The Lehman Trilogy

New York Stock Exchange

Thursday’s avocado-knife fight was only the beginning of the trauma that I would have to endure that day. Thursday night featured dinner and a show. The show was The Lehman Trilogy, the opening play for this year’s season at the Rep. The Lehman Trilogy ran three and a half hours, plus two fifteen-minute intermissions, for a total running time of four hours. By the end of it, both my pinky and my butt were sore. This three-act play was portrayed by just three actors, who portrayed the original three Lehman brothers and all of their subsequent descendants, plus everyone else. It begins in the 1840s with the arrival from Germany to America of the Jewish Lehman brothers. They promptly setup shop in Alabama and after a few iterations begin making money as cotton traders, or basically middlemen. Except for the oldest brother dying from Yellow Fever—freeing that actor to play other roles—everything is going fine until the Civil War. Slavery and the Lehman brothers’ involvement with it is pretty much glossed over. End act one.

After the Civil War the two remaining Lehmen brothers transition from cotton to banking and move to New York. Banking is now their business and business is very good and the family flourishes. At least until 1929 and the stock market crash. By that time, we have moved on to the second generation of Lehman brothers and the third act. The play sort of ends in the sixties, with the retirement of the last Lehman family member. In sort of an epilogue non-family members take over management of the company and eventually run it into bankruptcy.

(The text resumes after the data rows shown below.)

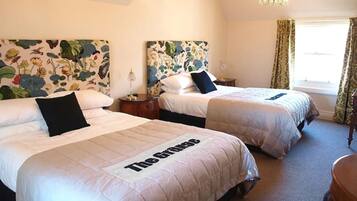 Ein Hotelzimmer mit zwei Betten, blumengemusterten Kopfteilen, einem Kronleuchter und einem Fenster mit Vorhängen.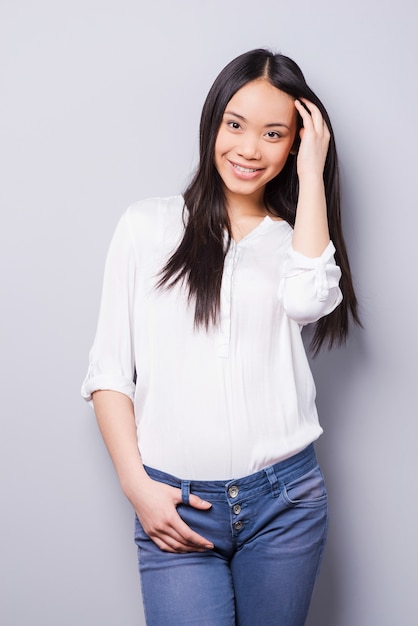 Shy beauty. Beautiful young Asian woman looking at camera and holding hand in hair while standing against grey background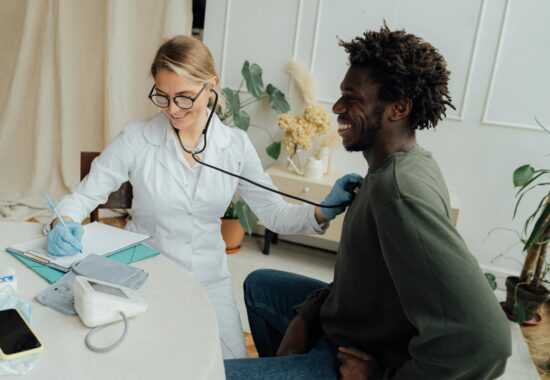 Doctor listening to patient's heart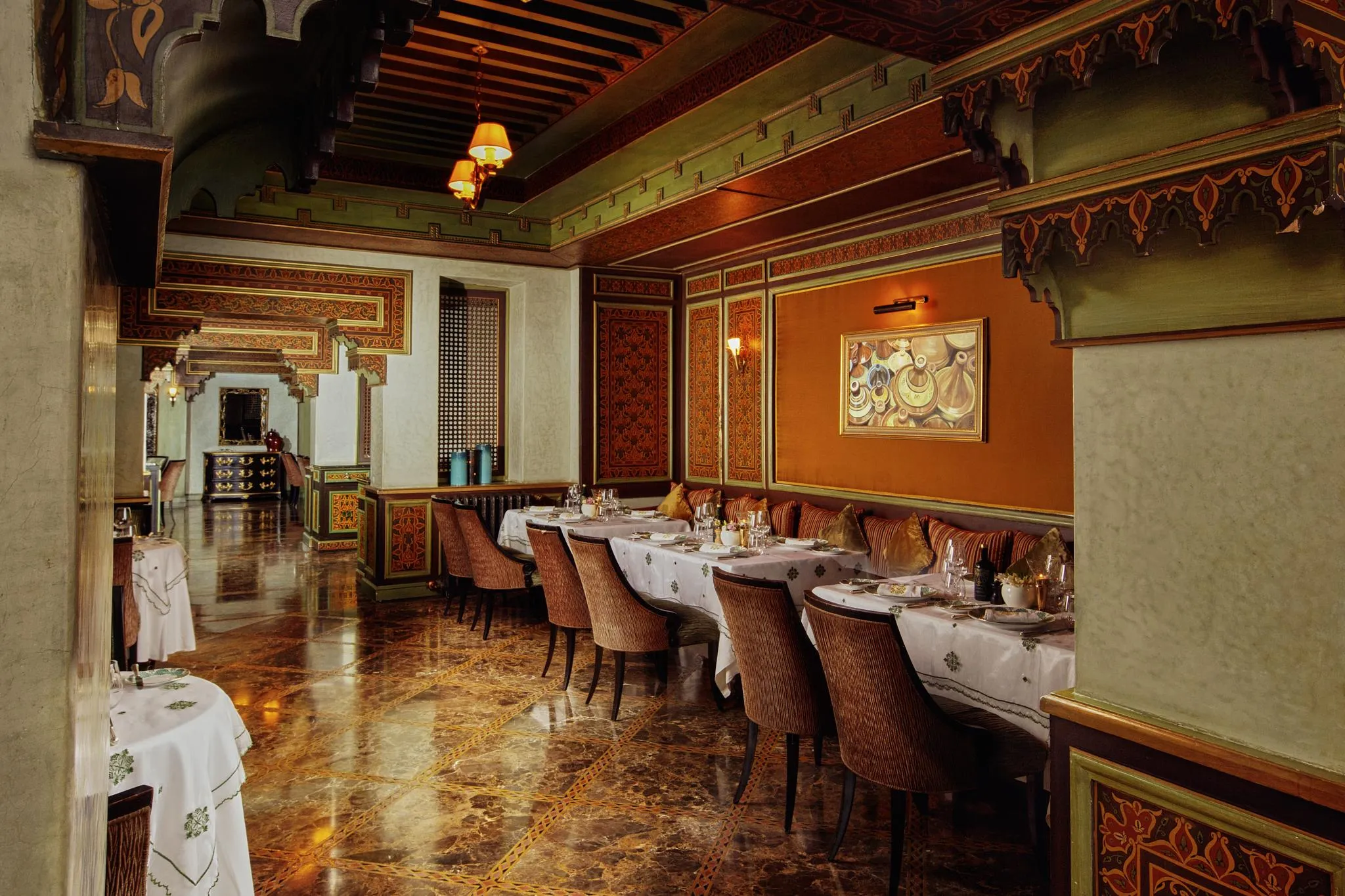Elegant restaurant with set tables, padded chairs, and walls decorated with traditional patterns
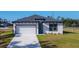 Charming single-Gathering home featuring a two-car garage and a well-maintained lawn at 2223 Hattie Ct, North Port, FL 34288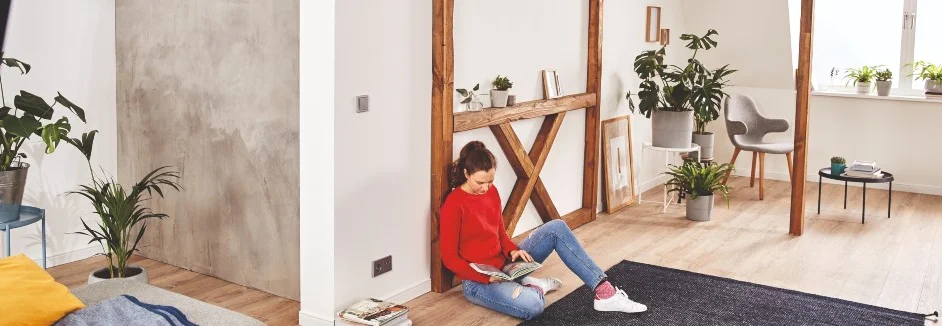 Person liest in einem Zimmer mit Pflanzen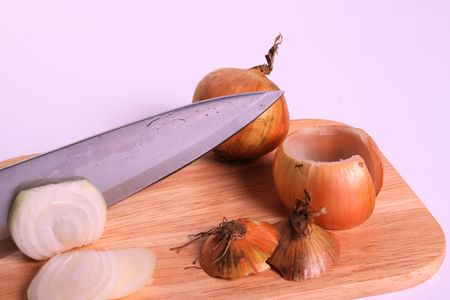 Fresh onion on a cutting board on a withe isolated background with copy spaceの写真素材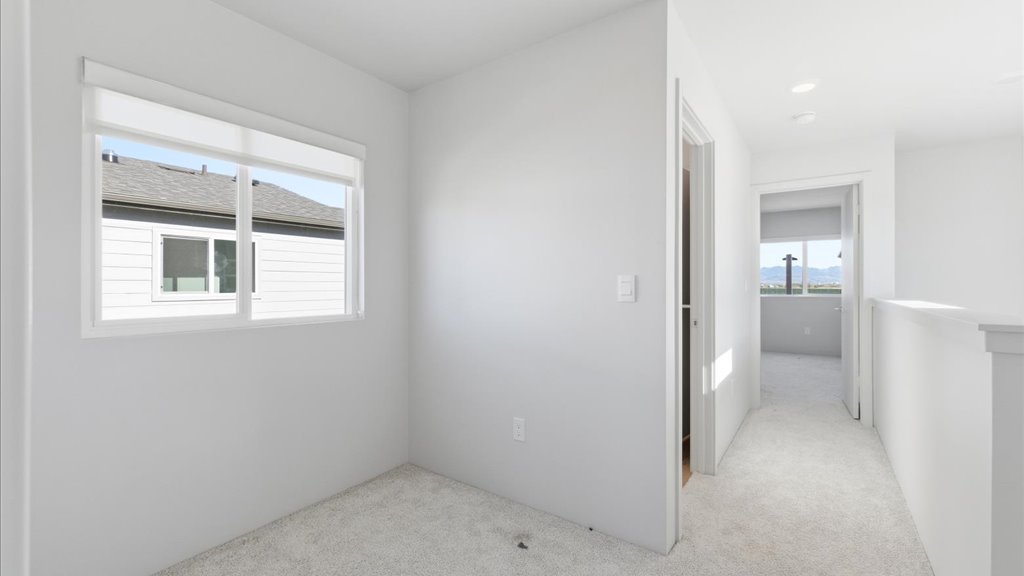 Interior bonus space with large window open to bathroom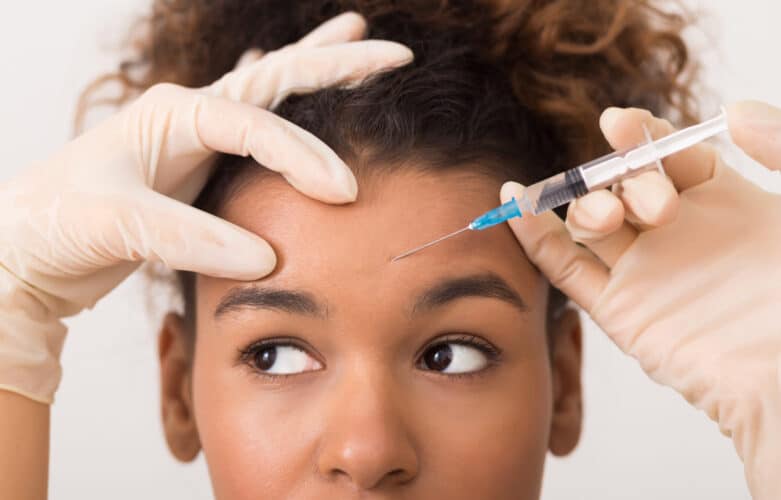 African-american woman getting injectables injection in forehead African american woman getting injectables in forehead scaled e1657806648669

The Lehman Trilogy was written during the pandemic, when we all had too much time on our hands. The play’s author apparently was in quarantine and had no access to an editor. When we went to see this behemoth, the house was very small. Almost the same size as the houses for the few shows that were performed during the pandemic, where limited and spaced-out seating was dictated to help slow the spread of disease. No such considerations were present for this performance. Having received the twin blows of the pandemic and the retirement of its long-time artistic director Steven Wolf, I am concerned that The Rep, like Lehman might eventually fail and then disappear.